Starting with the most highlighted upgrade, the new Himalayan is equipped with a new liquid-cooled, 452 cc, single-cylinder engine dubbed the “Sherpa 450” that produces 40 hp and 40 Nm of torque, which makes it the torquiest single-cylinder engine in the country. This is also the first time Royal Enfield uses a liquid-cooled engine on one of their models. The bike is paired with a 6-speed gearbox and a slip-and-assist clutch and is almost 10 kg lighter than the old 411 motor even with the fluids for cooling and lubricating.

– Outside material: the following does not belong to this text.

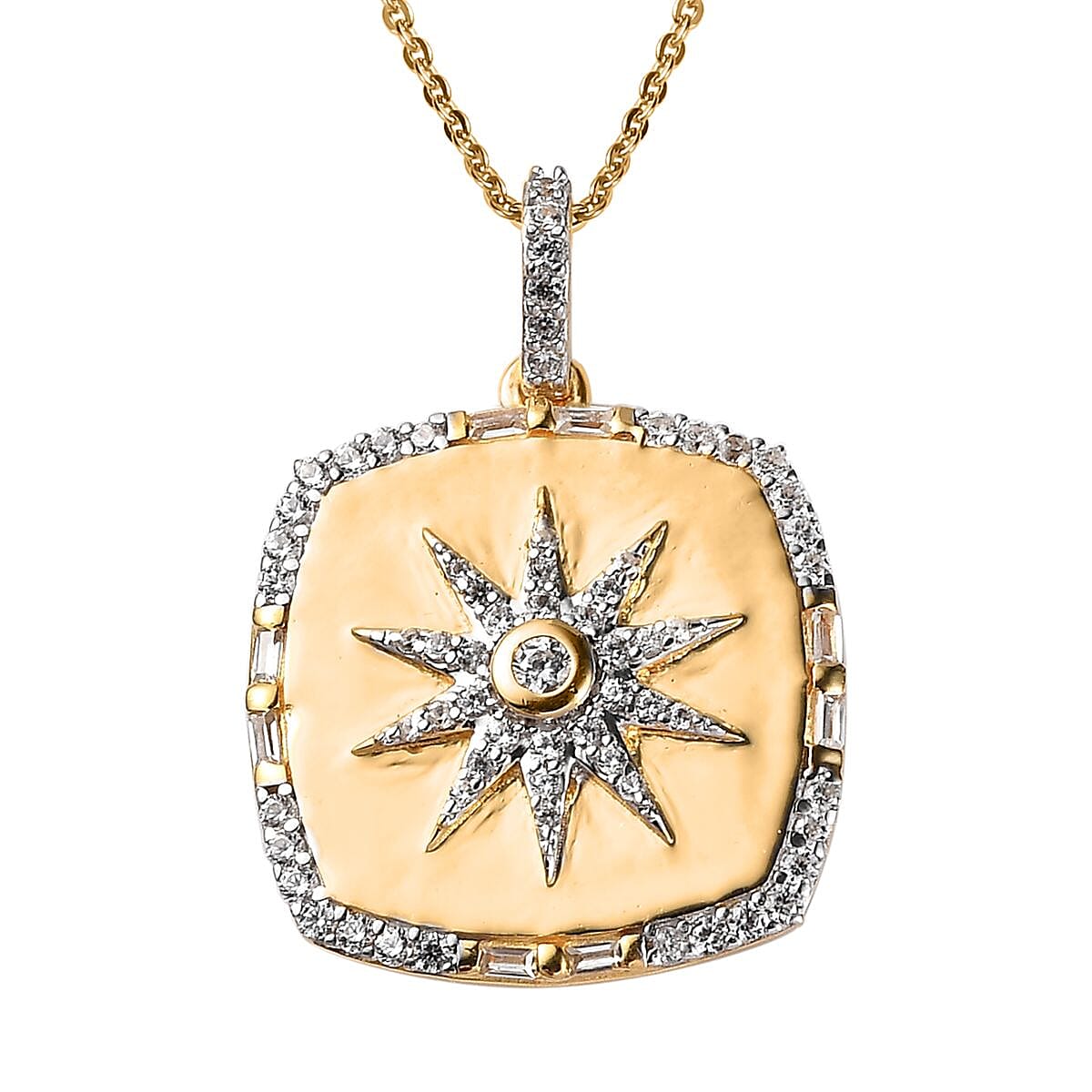 White Zircon Celestial Sun Medallion Pendant Necklace 20 Inches in Vermeil Yellow Gold Over Sterling Silver 1.30 ctw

Apart from the engine, the new Himalayan also gets to be the first bike by Royal Enfield to get a ride-by-wire system and has two basic riding modes – Eco and Performance. Other features include a new Circular TFT 4-inch Digital Display that supports Bluetooth connectivity and Navigation (Google Maps).
The design has also been completely changed and the new ADV bike looks younger and sharper than before but retains the signature round headlamp. The frame used in the bike is completely new and is a steel twin-spar unit and the engine is suspended by a 43 mm USD fork and preload-adjustable monoshock with 200 mm travel in both. Interestingly the seat height is 825 mm as standard despite the ground clearance being 230 mm. The seat height can further be either reduced to 805 mm or increased to 845 mm.
Similar to the earlier bike, wheel sizes are 21/17 inches though the tyres are new units and are specifically used for the new Himalayan with the rear even a radial unit. The braking department is handled by a single 320 mm disc at the front and a 270 mm disc at the rear. Dual-channel ABS is standard with the option to switch the rear one on/off.
With this bike, we say goodbye to the dear Himalayan 411 and although the gap is filled by the smaller Scram 411, it’s not the same. Nonetheless, it is hoped that the new Himalayan doesn’t carry the issues that the previous Himalayan had after its launch.